Hungarians have made up their minds that they do not want to see illegal immigrants in Hungary, Prime Minister Viktor Orbán has said.
“Nobody can oblige Hungary” to give up its position on migration, the prime minister said during his regular Kossuth Radio interview on Friday.
He added that “you can corner a government or deliver a gut punch to it” but it cannot be done to a whole nation.
PM Orbán insisted that “record high” participation in the government’s latest nationwide public survey means that “a whole nation is looking for ways to support its position of denying entry to people of a different culture or civilization”.
PM Orbán also responded to recent criticism of the country’s stance on immigration and urged German politicians to “leave us alone and not involve us in their election campaign”. Hungary has always respected Germans and “we expect them to respect us, too,” he said.
“What we want is a Hungarian Hungary and a European Europe … we won’t participate in experiments aimed at changing Hungary or Europe, in which Europe’s cultural traditions would be swept aside to be replaced by a mixture of other cultures, religions and worldviews, allowing masses to enter without control,” PM Orbán said.
The prime minister also commented on the United States’ criticism of Hungary’s recent civil organizations law, the prime minister said that the United States’ taking up a position on the matter was an “interesting venture” in the light of that country’s “brutally stringent” rules on organizations receiving support from abroad.
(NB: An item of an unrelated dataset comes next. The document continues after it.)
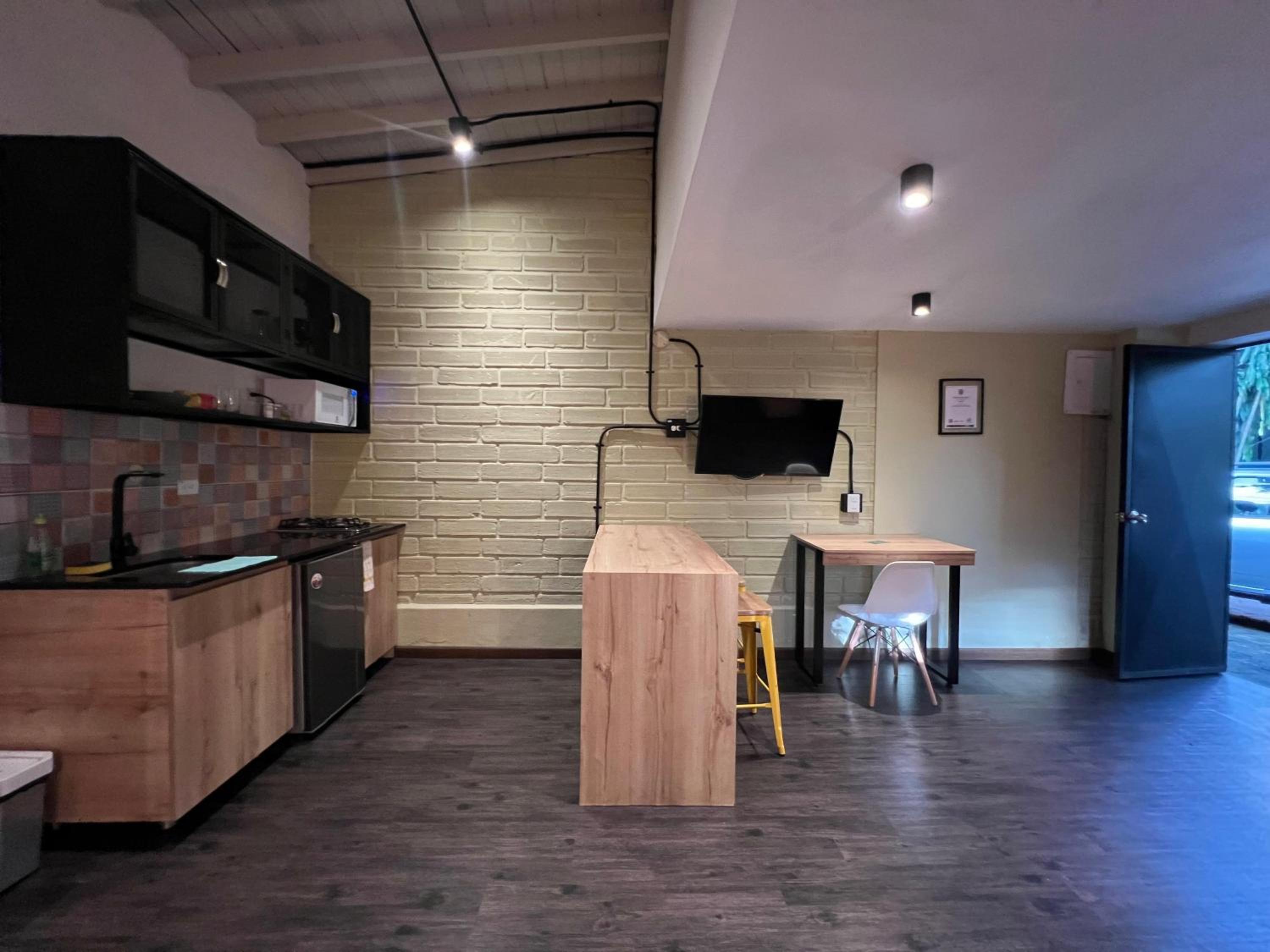 FRN101 Cozy loft located in a popular in Poblado By Roots Rentals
He insisted that the new Hungarian legislation was “polite and delicate” compared to US regulations. “It is inconceivable why one would be reluctant to declare a donation once they were not shy to accept it,” he added.
Referring to groups planning a boycott of the civil organizations law, PM Orbán said that the law applies to all civil groups.
PM Orbán also noted that 2018 will bring about wage hikes in many different sectors. “We will be in a better position than we are in this year,” the prime minister said, and pointed to rising employment and the increasing number of taxpayers as well as measures to promote childbirth.